- _Your instructions_
Only the lines below between the ones containing "Used 2024 Nissan Rogue SV FWD image 18" and "Amplificatore AKAI AM2200", inclusive, are to be reproduced, each exactly as it stands.

(Study material Opens)

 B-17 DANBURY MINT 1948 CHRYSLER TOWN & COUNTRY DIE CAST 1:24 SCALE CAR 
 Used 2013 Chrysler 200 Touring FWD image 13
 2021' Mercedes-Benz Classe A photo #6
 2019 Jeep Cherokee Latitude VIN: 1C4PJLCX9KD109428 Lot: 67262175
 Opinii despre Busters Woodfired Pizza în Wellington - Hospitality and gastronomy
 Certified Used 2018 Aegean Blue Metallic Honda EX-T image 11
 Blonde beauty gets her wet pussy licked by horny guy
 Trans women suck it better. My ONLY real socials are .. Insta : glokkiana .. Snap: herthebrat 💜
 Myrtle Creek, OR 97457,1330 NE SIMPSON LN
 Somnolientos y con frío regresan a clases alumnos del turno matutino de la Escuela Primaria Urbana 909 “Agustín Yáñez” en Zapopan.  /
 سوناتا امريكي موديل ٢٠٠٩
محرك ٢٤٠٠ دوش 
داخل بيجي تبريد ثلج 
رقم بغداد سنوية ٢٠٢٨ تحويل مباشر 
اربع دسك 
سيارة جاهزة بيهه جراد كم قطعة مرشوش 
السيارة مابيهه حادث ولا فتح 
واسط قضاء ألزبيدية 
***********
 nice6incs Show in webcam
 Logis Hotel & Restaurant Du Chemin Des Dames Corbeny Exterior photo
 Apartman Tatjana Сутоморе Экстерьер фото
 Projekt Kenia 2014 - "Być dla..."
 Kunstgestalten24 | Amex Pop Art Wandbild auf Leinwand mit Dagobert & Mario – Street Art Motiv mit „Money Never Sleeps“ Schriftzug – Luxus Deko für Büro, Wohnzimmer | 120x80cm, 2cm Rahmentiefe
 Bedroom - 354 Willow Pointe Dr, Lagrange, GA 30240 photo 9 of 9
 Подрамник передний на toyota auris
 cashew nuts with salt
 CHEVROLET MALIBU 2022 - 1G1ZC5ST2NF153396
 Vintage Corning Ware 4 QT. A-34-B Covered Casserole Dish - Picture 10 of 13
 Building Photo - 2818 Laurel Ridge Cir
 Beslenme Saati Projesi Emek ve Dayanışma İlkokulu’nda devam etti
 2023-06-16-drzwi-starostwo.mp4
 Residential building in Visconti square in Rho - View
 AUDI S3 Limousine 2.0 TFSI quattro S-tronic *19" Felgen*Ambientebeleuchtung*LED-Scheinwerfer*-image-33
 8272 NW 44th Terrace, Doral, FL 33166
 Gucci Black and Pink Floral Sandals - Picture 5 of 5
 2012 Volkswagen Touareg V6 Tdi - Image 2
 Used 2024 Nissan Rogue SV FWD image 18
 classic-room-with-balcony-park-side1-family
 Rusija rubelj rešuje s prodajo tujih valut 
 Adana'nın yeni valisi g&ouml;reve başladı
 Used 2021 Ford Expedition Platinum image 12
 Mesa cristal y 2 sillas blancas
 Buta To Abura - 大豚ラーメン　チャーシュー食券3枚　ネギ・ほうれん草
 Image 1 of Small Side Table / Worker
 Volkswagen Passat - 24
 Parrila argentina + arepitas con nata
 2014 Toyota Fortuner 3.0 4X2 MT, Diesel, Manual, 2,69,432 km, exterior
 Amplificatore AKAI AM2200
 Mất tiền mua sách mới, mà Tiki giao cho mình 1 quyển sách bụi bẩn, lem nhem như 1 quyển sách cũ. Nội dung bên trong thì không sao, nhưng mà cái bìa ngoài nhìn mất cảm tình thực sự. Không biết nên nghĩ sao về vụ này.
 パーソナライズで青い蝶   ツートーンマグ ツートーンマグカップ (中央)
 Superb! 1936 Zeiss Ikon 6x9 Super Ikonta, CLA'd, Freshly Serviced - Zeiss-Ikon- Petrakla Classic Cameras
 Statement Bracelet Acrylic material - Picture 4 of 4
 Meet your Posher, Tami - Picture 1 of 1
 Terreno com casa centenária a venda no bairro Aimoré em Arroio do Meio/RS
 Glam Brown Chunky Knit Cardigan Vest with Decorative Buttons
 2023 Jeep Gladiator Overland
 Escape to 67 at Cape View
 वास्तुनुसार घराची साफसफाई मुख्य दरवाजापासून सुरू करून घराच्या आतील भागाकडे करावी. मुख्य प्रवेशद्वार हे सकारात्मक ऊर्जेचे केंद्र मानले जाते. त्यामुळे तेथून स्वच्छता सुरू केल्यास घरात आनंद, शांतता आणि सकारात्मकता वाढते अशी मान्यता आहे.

(Study material Closes)

- _Task solution_
 Used 2024 Nissan Rogue SV FWD image 18
 classic-room-with-balcony-park-side1-family
 Rusija rubelj rešuje s prodajo tujih valut 
 Adana'nın yeni valisi g&ouml;reve başladı
 Used 2021 Ford Expedition Platinum image 12
 Mesa cristal y 2 sillas blancas
 Buta To Abura - 大豚ラーメン　チャーシュー食券3枚　ネギ・ほうれん草
 Image 1 of Small Side Table / Worker
 Volkswagen Passat - 24
 Parrila argentina + arepitas con nata
 2014 Toyota Fortuner 3.0 4X2 MT, Diesel, Manual, 2,69,432 km, exterior
 Amplificatore AKAI AM2200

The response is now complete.